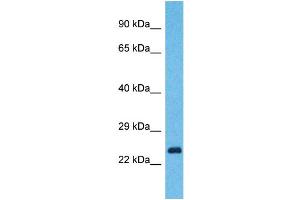 Western Blotting (WB) image for anti-Yip1 Domain Family, Member 7 (YIPF7) (N-Term) antibody (ABIN2791993) (YIPF7 antibody  (N-Term))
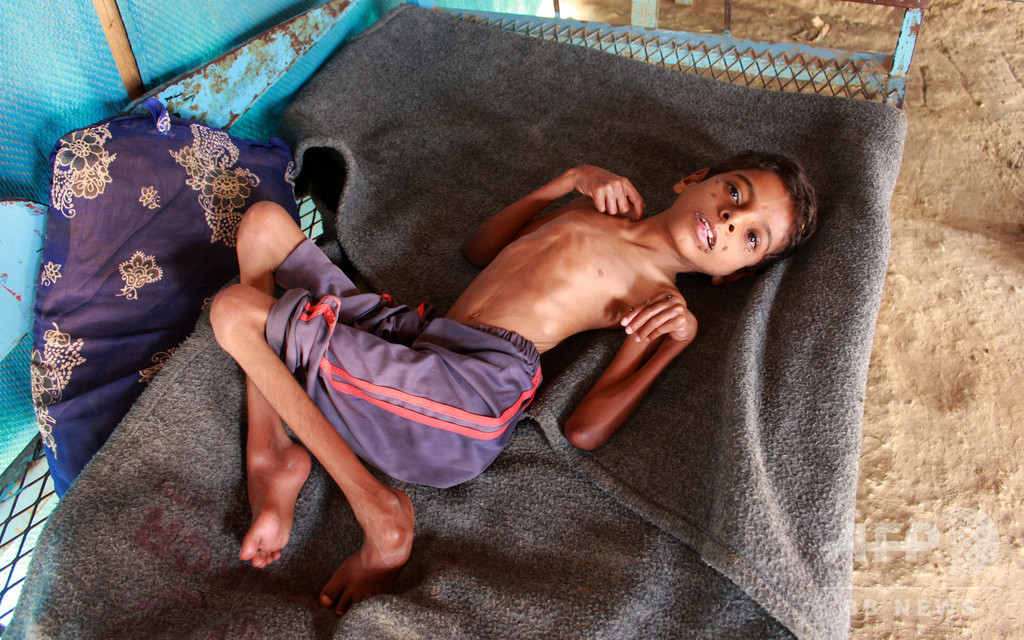 イエメンで1000万人以上が深刻な食糧不足 人道危機が急激に悪化 Wfp 写真7枚 国際ニュース Afpbb News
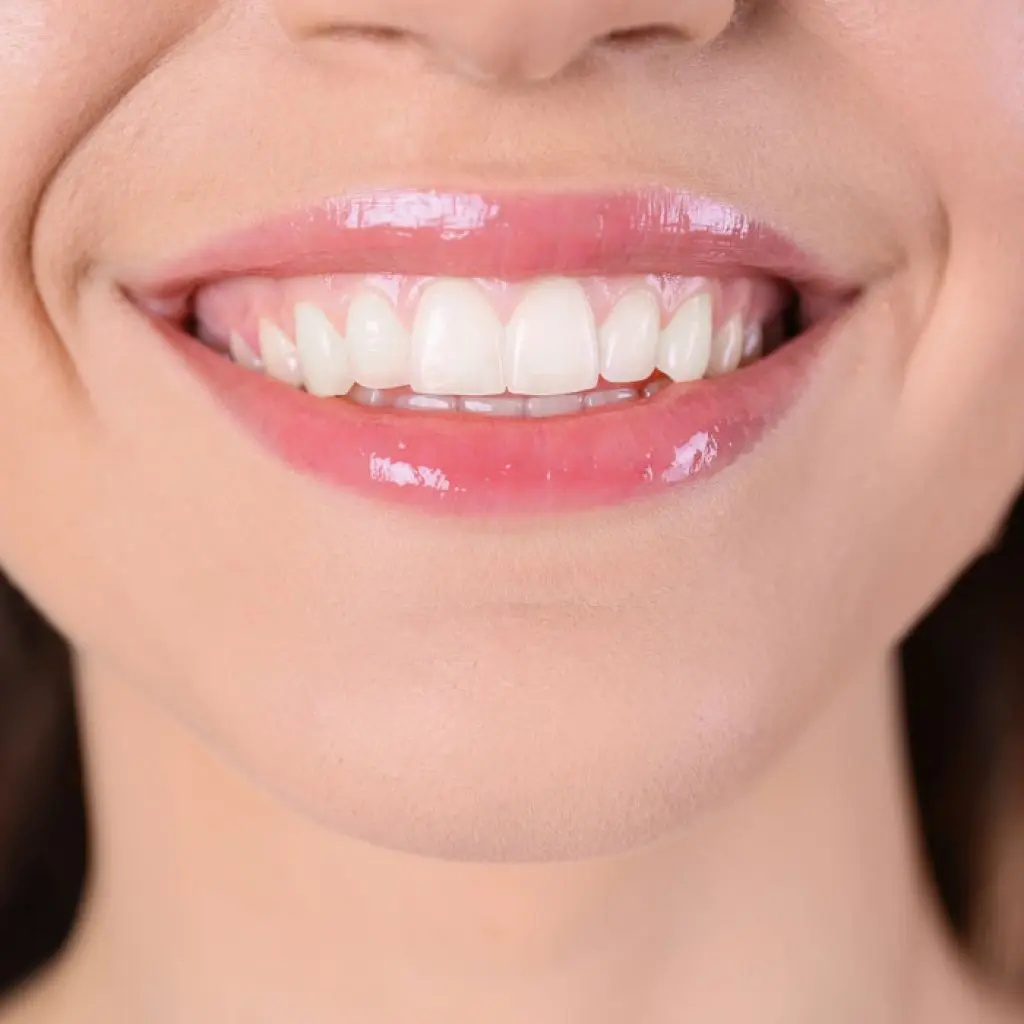 limar dientes antes y despues - Cómo se llama el procedimiento para emparejar los dientes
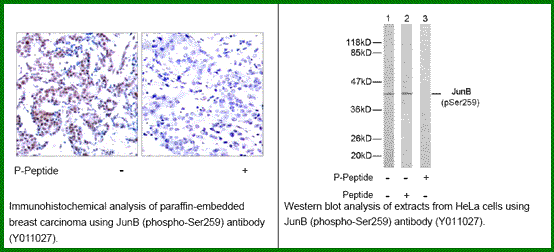 Anti-JunB (Phospho-Ser259)
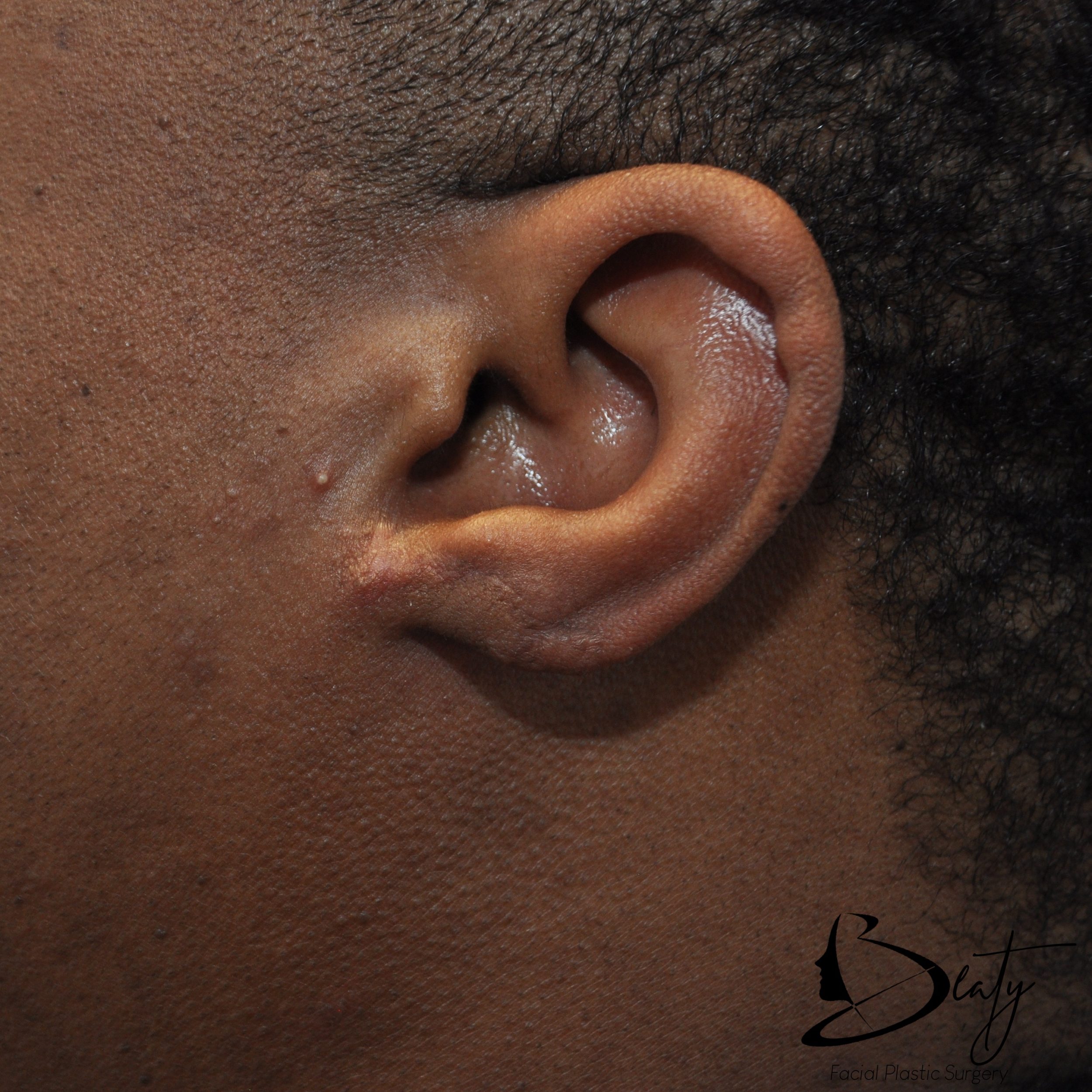 keloid scar removal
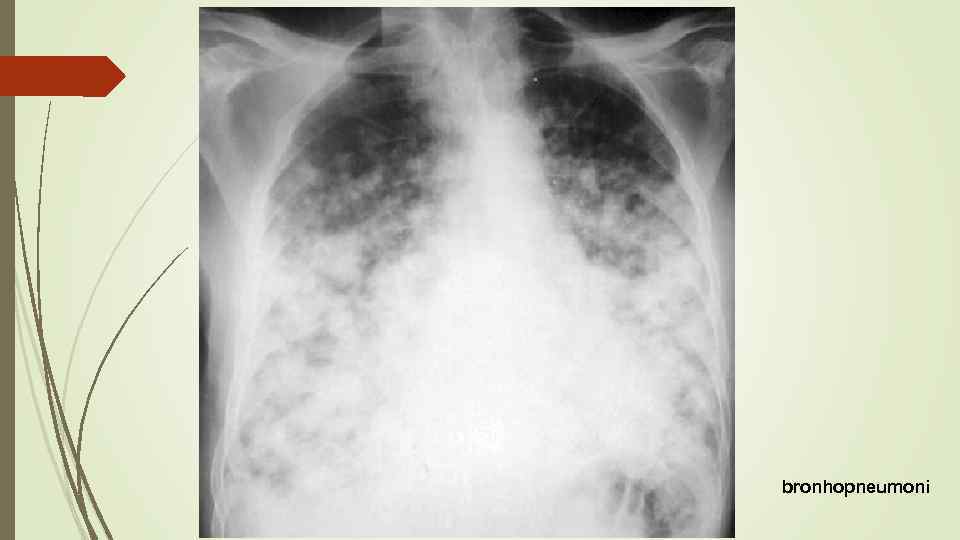 bronhopneumoni 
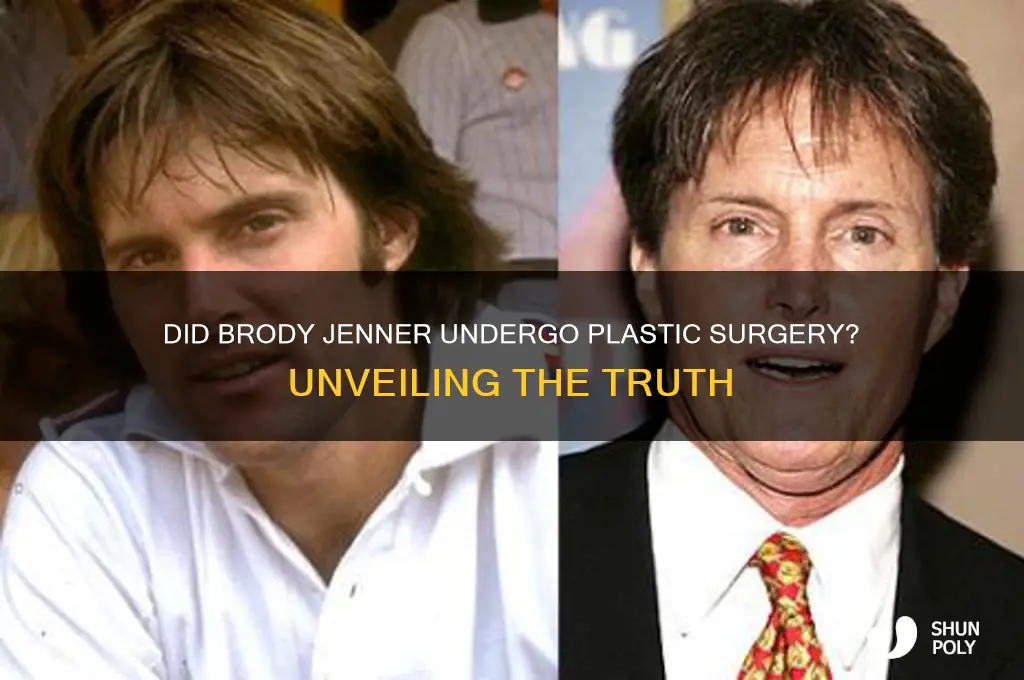 did brody get plastic surgery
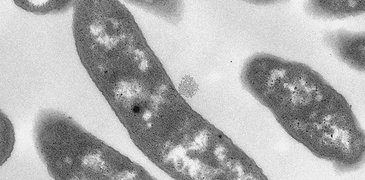 2025.12.15 Cold_Life_ _TEM image of P arcticus grown in NaCl 5.jpg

#### [What is required]
Leaving out the pictures, repeat all of the entries exactly.

#### [Answer to this problem]
 Western Blotting (WB) image for anti-Yip1 Domain Family, Member 7 (YIPF7) (N-Term) antibody (ABIN2791993) (YIPF7 antibody  (N-Term))
 イエメンで1000万人以上が深刻な食糧不足 人道危機が急激に悪化 Wfp 写真7枚 国際ニュース Afpbb News
 limar dientes antes y despues - Cómo se llama el procedimiento para emparejar los dientes
 Anti-JunB (Phospho-Ser259)
 keloid scar removal
 bronhopneumoni 
 did brody get plastic surgery
 2025.12.15 Cold_Life_ _TEM image of P arcticus grown in NaCl 5.jpg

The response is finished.